Eight months in, I completed the first full internet scan. Then came the real problem: processing the data.

I tried SQL databases first. They collapsed under the volume.

I tried a graph database. It crashed.

Then I tried Hadoop with PigLatin scripts. I remember the moment the pipeline finally ran to completion against 100 million records. Breakthrough.

The Recon Optimization

By the fourth scan, I'd developed a two-phase methodology: lightweight ping scans filter live hosts from /24 blocks before expensive service enumeration. This reduced wasted cycles by 95% with almost no loss of precision.

I could cross-reference results against the previous three scans. Patterns emerged. The internet started making sense.

The Debugging Story

During one full scan processing run, the Hadoop pipeline kept crashing a day into execution. The error was bizarre — an internal buffer overflow in a map-reduce step. I increased the buffer. It still crashed.

I spent days dissecting the source data. About a terabyte of chunked Avro files. Eliminating batches one by one until I found the culprit: a single IP in Pakistan.
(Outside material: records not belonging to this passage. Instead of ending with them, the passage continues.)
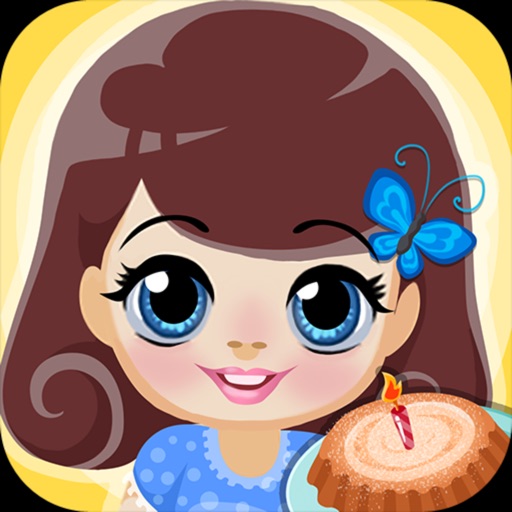 Baby Birthday Party iOS App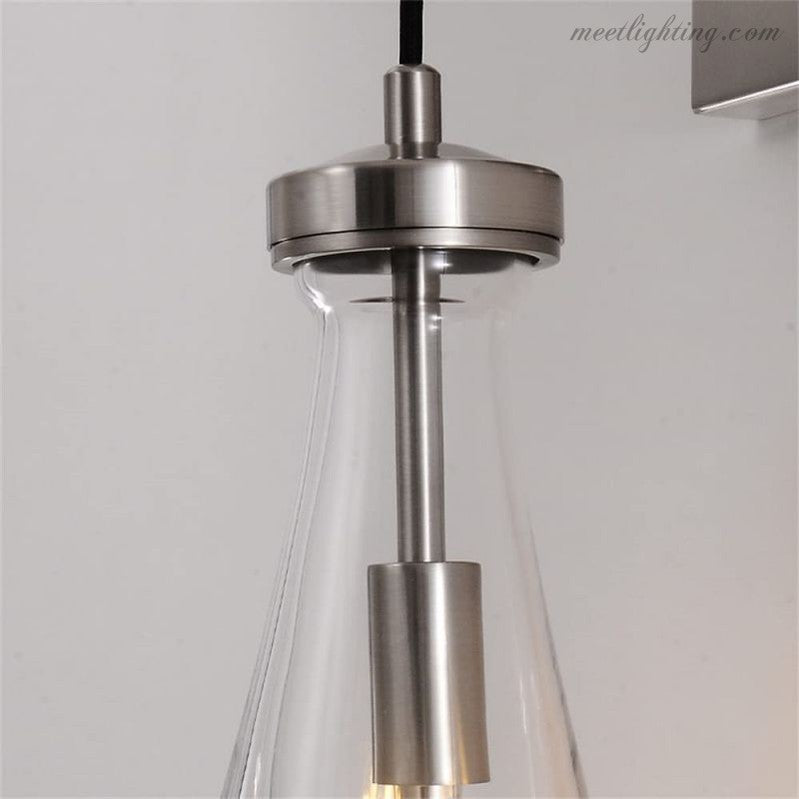 Raindrop Sconce-Meet Lighting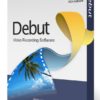 برنامج نسخ وتعديل الفيديو | NCH Debut Professional 9.01
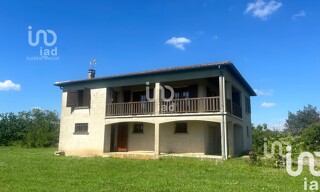 Maison 4 Pièces 150 m² à vendre à Moissac (82200)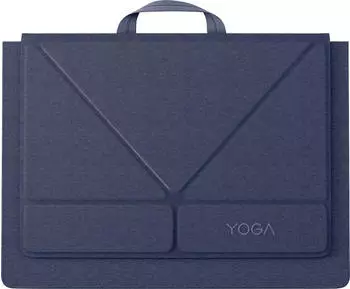 Lenovo Yoga Tote Sleeve 16" Laptophülle, cosmic blau (GX41U39293)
Investigation revealed an FTP server with a directory listing that returned 10+ megabytes of filenames. The field was simply too large for the pipeline's assumptions. I added field trimming to the data processing and moved on.

That's internet-scale engineering: your pipeline will encounter things nobody anticipated.

The Solution

A 5-layer distributed architecture:

Layer	Technology	Purpose
Orchestration	ZeroMQ (REQ/REP, PUSH/PULL)	Job distribution with <100ms latency
Scanning	Nmap + python-libnmap	Service detection, OS fingerprinting, NSE scripts
Persistence	PostgreSQL + SQLAlchemy	Task queue with status tracking
ETL Pipeline	Apache Avro + Hadoop	Schema-enforced serialization for TB-scale processing
Search	Elasticsearch + Kibana	Geospatial indexing, sub-second queries

Data Flow:

Ventilator → Workers (N) → Sink → PostgreSQL → Avro Export → Hadoop → ES Bulk Import → Kibana

The Results

Metric	Achievement
Coverage	4.3 billion IPv4 addresses — the entire internet
Full Scans Completed	7
Time per Full Scan	~2 weeks (with 20 warmed-up workers)
Workers at Peak	25 distributed globally
Total Infrastructure Cost	~$2,000 over 18 months
Database Scale	100M+ task rows
Search Index	3B+ Elasticsearch documents
Query Latency	Sub-second across billions of records
Avro Schemas	8 data models
CLI Commands	13 specialized controllers

What I Learned

The internet is vast

There are dark corners where packets go and nothing comes back. Entire ranges that behave strangely. Patterns that only emerge at planetary scale.

The internet is fragile

The sheer volume of misconfigured services, exposed databases, and forgotten infrastructure is staggering. It amazes me that it's still operational.

The data problem is the hard problem

Scanning is straightforward. Processing terabytes of scan data, enriching it with GeoIP and CVE correlations, and making it queryable in sub-second time — that's where the real engineering lives.

With will and determination, almost anything can be accomplished

I took a tool I'd loved since 1997 and pushed it further than I ever imagined. And I pushed myself in the process.

Technical Highlights

Lockless job distribution: ZeroMQ REQ/REP eliminates database polling bottlenecks — workers pull jobs on-demand, ventilator marks dispatched atomically
Two-phase reconnaissance: Lightweight ping scans filter live hosts before expensive service enumeration, reducing wasted cycles by 95%
CPE→CVE correlation: Automatic vulnerability scoring via NVD data — extracts CPE identifiers from banners, joins against CVE database, computes CVSS scores per host
Denormalized search schema: Flattened host/service/OS data into single documents — trades storage for query performance, enabling single-query threat hunting
DTD-validated parsing: XML validation catches malformed scan results before pipeline corruption

Skills Demonstrated

✓ Distributed Systems Architecture (ZeroMQ patterns, worker fleet coordination, fault-tolerant queues)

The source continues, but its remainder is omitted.